Student Loan Bankruptcy Servicer Seeks Its Own Special Bankruptcy Exemption
Blog Post
Nov. 25, 2014
The proposed sale between troubled Corinthian Colleges and the Education Credit Management Corporation (ECMC), a student loan debt collection agency, is full of sad ironies. Here’s a company that makes its money by collecting on defaulted student loans buying most of a college chain that produces about 20,000 defaulters a year. Meanwhile, the Education Department is getting Corinthian to only forgive as much student loan debt as a bunch of Occupy Wall Street folks already did on their own this year.
Now we have another twist—a company whose special role involves fighting student loan borrowers tooth and nail from discharging their loans in bankruptcy is asking Congress for special treatment in Chapter 11.

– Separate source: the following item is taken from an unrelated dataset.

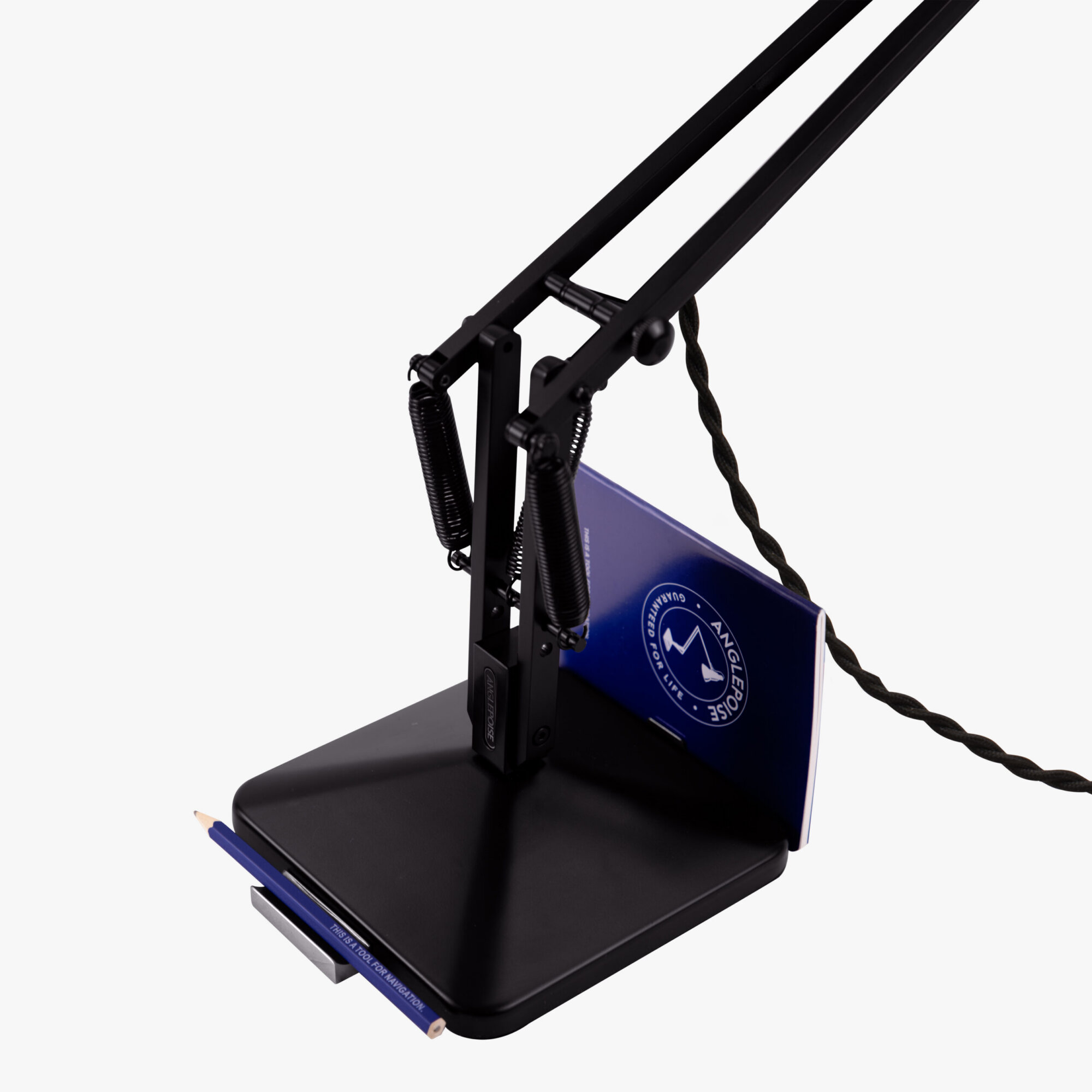 Original-315-desk-lamp-silver-black_2926ct_sq_wd1ob_6-scaled | rewire Close-up of a black metal frame with two diagonal rails, springs, and a blue panel attached, set against a light background.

According to multiple sources, ECMC is asking Congress to make a special change to the rules that govern a college’s eligibility for federal student aid once it declares bankruptcy. Under current law, a bankrupt college is no longer considered to be an institution of higher education, a change that immediately triggers its loss of federal student aid. While we do not know exactly why ECMC is pursuing this exemption for Corinthian, it presumably would help the sale still go through if Corinthian cannot stay solvent until the deal closes. It also might stop creditors from going after Corinthian and further insulate ECMC from the troubled for-profit college chain.
Denying bankrupt colleges access to federal student aid makes a lot of sense. An institution in this situation is extremely fragile financially, increasing the risk that further aid dollars could get wasted or that students will take on debt at a campus that is likely closing. In fact, a fair case can be made that these financial viability considerations are the only real form of accountability in higher education, since monetary problems, not educational issues, are almost always the cause of colleges losing accreditation and closing.
Keeping bankrupt colleges out of the student aid programs is particularly important in the case of non-public providers. That’s because access to federal aid is an extremely valuable asset—some estimate that it’s worth as much as $10 million. Allowing investors and owners to run a college into the financial ground and then unload its federal aid eligibility just provides an additional way to make money and increase the value of a sale. Needless to say that’s a change that benefits investors and debt holders while significantly upping the risk for students.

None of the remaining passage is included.